• _The data_:
---

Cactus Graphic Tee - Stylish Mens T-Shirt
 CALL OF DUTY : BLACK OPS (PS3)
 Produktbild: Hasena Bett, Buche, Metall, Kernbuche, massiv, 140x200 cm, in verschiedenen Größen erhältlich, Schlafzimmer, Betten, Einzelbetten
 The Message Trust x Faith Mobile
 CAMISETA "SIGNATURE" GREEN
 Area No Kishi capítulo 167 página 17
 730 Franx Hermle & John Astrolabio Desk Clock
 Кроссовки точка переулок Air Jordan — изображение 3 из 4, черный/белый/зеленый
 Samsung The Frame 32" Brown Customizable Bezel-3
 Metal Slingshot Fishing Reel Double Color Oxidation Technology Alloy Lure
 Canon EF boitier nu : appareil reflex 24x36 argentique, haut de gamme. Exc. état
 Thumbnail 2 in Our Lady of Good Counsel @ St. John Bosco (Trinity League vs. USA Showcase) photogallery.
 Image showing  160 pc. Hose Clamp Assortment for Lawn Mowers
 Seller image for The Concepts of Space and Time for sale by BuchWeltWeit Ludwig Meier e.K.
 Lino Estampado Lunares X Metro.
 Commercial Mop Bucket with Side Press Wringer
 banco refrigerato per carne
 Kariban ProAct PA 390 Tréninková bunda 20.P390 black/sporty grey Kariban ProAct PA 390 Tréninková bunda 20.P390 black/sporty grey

---

• _Exercise prompt_: In the entries above, count each line that includes "John" and report the total with no other text.

• _Exercise response_: 2